Mi è anche tornato in mente che, all’epoca, nell’area della ex Jugoslavia la presenza dei Caschi Blu dell’Onu era già costante. Non era bastato, però. Davanti a loro si compivano barbarie agghiaccianti. Davanti a loro, a Srebrenica (zona sotto la tutela delle Nazioni Unite) migliaia di musulmani bosniaci furono uccisi dalle truppe serbo-bosniache e dai paramilitari guidati da Arkan. La “Tigre” Arkan, il criminale in cui onore (pochi giorni dopo la sua morte) i tifosi della Lazio esposero uno striscione allo stadio Olimpico (si dice commissionato dall’attuale tecnico della nazionale serba Mihajlovic). Era il luglio 1995. L’Operation Deliberate Force si svolse dal 30 agosto al 20 settembre.

Mi sono venuti in mente i ministri che protestavano e manifestavano contro lo stesso governo di cui facevano parte. Era il governo D’Alema (quello che si reggeva grazie ai voti dell’UDR di Cossiga e Mastella e quindi, come dicevano i manifestanti, grazie all’Alleanza Atlantica). Era il 1999. Le fosse comuni in cui il regime di Milosevic gettava i cadaveri dei kosovari sono state scavate per anni e, ancora oggi, emergono ossa. L’Operation Allied Force si svolse dal 24 Marzo al 10 giugno 1999.

Sulla questione siriana si è già accumulato un forte ritardo, che non si conta in mesi o anni, ma in migliaia di morti. All’Onu si parla – tanto – ma non si riesce ad affrontare – seriamente – nulla. Figuriamoci risolvere. Non sono, non posso essere, sicuro che solo la posizione espressa dagli Stati Uniti, Inghilterra e Francia (anche la Francia del socialista Hollande..) sia quella “giusta”. Credo però che la comunità internazionale – Italia compresa – non debba ricadere, per paura o per strategia, negli errori di un passato molto, molto recente.

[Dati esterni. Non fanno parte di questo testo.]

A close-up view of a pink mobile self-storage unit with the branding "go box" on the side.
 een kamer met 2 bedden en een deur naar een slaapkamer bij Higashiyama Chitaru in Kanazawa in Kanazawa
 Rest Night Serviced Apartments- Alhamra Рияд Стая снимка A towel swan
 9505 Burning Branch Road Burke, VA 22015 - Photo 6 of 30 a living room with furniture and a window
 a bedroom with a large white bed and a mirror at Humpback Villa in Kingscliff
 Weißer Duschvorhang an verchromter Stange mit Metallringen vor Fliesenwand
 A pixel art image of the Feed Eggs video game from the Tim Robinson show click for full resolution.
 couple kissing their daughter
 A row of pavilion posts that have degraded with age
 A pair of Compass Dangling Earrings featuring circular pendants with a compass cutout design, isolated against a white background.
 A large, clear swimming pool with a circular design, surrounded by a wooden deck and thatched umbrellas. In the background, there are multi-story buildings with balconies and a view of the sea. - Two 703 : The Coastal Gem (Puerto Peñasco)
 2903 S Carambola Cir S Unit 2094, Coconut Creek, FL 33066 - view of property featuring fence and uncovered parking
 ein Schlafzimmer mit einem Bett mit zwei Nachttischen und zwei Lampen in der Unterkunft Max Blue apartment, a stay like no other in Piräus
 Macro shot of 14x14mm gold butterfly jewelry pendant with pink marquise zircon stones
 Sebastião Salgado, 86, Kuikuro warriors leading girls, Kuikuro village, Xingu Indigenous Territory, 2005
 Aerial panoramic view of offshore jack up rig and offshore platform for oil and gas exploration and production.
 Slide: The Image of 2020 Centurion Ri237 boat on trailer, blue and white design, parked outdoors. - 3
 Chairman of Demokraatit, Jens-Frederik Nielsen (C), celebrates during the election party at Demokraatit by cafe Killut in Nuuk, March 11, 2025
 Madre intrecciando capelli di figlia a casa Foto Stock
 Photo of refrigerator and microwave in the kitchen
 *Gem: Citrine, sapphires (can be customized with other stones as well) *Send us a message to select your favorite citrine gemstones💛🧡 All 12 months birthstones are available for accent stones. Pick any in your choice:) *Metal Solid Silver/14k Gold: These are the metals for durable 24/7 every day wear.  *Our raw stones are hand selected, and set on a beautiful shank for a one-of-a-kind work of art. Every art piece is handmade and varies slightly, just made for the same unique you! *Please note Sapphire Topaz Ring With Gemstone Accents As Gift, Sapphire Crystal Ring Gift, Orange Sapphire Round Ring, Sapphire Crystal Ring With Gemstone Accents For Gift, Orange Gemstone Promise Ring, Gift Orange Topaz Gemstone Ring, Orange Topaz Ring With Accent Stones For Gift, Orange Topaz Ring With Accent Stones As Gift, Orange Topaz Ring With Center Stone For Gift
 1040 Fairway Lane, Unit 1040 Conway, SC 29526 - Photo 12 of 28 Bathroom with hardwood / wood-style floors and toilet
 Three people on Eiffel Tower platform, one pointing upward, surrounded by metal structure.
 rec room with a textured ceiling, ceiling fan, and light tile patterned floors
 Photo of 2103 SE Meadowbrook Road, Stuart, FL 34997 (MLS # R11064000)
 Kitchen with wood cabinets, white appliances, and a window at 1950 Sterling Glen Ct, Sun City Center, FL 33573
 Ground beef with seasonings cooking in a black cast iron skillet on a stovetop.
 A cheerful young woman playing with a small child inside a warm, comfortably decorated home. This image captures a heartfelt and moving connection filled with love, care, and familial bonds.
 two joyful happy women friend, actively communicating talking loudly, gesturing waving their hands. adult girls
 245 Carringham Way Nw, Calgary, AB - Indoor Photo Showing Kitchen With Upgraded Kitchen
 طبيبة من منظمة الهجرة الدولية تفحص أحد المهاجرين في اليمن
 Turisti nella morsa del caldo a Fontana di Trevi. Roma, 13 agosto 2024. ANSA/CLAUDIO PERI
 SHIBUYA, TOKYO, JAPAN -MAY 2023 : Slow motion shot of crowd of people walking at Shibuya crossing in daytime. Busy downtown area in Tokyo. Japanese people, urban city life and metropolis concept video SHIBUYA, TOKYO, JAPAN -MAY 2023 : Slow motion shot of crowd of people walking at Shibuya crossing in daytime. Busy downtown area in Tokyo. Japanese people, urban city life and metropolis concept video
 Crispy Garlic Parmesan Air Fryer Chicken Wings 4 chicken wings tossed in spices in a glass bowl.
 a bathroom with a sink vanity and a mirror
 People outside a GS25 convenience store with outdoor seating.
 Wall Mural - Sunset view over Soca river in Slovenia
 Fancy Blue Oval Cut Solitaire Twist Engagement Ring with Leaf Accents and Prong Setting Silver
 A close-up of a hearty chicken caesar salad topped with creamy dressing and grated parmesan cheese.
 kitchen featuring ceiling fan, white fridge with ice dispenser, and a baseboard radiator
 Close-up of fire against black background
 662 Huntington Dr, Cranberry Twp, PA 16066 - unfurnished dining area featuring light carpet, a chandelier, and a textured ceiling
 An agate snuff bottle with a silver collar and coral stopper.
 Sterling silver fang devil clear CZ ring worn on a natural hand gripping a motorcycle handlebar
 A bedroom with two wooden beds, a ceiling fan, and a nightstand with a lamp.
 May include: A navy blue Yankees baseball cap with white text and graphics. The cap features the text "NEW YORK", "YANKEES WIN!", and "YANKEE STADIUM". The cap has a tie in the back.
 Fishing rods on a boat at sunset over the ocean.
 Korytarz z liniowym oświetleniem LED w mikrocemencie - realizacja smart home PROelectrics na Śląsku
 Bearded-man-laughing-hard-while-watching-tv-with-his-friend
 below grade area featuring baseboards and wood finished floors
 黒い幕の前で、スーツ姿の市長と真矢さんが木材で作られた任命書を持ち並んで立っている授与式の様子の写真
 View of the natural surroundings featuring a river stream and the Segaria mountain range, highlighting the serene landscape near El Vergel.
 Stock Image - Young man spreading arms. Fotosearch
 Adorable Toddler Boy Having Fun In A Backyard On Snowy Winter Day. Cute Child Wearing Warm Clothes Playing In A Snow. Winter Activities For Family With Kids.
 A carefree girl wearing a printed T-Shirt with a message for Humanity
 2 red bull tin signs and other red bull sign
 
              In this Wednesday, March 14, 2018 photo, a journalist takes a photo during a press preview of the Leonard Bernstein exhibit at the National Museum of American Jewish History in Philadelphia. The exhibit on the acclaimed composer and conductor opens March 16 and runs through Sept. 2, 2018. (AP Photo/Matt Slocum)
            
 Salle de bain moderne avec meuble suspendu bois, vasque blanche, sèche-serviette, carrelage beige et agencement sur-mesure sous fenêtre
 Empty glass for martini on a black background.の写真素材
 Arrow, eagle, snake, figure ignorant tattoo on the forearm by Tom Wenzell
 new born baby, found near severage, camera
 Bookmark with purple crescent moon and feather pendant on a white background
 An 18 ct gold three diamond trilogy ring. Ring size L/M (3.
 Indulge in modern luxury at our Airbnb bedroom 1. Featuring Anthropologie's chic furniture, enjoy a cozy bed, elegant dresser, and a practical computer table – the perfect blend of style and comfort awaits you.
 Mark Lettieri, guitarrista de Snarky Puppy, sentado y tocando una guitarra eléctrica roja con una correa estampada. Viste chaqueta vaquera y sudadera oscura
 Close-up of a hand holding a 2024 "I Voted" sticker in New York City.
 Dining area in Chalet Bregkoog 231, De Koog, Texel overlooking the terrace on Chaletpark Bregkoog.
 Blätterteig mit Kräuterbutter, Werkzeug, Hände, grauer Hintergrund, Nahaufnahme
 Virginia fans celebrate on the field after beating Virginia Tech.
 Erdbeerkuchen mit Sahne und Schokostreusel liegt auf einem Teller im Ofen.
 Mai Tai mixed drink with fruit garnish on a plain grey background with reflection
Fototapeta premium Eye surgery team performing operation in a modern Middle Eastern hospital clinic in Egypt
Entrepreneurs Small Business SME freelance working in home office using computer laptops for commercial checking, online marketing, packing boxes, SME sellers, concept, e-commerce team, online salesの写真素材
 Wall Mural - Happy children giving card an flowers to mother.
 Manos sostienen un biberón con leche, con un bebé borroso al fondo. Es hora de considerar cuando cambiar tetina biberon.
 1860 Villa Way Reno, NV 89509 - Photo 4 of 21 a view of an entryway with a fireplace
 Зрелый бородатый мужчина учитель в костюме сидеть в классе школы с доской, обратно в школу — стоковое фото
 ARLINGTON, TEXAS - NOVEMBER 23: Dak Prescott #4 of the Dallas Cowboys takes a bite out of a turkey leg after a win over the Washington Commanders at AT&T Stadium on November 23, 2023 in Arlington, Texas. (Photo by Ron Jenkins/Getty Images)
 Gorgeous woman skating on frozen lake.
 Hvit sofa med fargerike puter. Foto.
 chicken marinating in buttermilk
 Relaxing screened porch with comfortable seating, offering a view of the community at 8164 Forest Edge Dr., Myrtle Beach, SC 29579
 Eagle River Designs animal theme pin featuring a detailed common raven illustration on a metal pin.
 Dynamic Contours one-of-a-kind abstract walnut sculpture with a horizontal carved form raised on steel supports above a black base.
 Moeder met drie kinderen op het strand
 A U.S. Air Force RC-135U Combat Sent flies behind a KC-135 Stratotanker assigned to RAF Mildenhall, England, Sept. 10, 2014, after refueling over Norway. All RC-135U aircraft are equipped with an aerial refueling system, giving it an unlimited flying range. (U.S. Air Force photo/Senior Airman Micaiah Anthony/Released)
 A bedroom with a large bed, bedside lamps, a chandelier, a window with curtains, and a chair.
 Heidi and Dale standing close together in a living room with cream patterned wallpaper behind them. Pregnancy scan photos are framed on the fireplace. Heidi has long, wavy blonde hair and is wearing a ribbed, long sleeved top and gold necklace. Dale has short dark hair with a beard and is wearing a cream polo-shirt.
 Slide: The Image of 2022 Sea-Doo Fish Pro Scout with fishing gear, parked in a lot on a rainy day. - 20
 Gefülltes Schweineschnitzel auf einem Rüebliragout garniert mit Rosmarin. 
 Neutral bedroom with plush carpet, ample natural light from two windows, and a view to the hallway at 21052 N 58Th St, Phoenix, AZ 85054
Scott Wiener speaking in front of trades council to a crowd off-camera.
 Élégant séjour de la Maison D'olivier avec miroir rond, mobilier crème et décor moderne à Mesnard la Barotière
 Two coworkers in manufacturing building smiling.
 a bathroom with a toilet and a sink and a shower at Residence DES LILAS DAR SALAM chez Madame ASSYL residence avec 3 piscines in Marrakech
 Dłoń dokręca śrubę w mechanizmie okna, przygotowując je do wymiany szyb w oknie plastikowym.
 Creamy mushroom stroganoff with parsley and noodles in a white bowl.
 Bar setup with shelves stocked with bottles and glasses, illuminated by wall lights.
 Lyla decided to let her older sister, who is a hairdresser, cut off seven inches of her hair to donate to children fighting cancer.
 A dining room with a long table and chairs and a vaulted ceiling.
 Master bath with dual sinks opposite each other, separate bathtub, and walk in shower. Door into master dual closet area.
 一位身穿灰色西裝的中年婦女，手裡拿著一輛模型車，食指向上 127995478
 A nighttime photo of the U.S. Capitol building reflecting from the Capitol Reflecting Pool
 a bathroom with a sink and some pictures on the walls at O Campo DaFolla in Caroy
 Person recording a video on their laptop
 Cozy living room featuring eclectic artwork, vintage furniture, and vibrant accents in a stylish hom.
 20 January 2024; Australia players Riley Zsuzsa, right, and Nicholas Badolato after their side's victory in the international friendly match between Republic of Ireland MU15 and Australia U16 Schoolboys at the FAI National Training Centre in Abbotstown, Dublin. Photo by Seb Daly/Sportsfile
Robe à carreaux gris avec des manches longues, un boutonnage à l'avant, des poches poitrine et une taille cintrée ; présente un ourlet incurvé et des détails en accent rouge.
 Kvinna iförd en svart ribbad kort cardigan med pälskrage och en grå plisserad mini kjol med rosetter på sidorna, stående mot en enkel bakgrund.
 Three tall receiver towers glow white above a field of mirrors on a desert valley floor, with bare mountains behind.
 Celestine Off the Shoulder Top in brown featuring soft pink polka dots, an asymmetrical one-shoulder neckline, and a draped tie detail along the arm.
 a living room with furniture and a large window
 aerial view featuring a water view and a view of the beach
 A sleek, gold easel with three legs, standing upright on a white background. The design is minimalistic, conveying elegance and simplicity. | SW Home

Visto l’argomento, per chi fosse interessato – e avesse coraggio, perchè ce ne vuole – consiglio un libro meraviglioso: Anche gli orsi faranno la guerra, di Paolo Alberti (Rizzoli). Le atrocità della guerra vissute da un bambino che ne diventa protagonista, come cecchino infallibile, proprio nelle milizie di Arkan. Ma per quanto sia trattato da “eroe” ne viene progressivamente trasformato e deformato.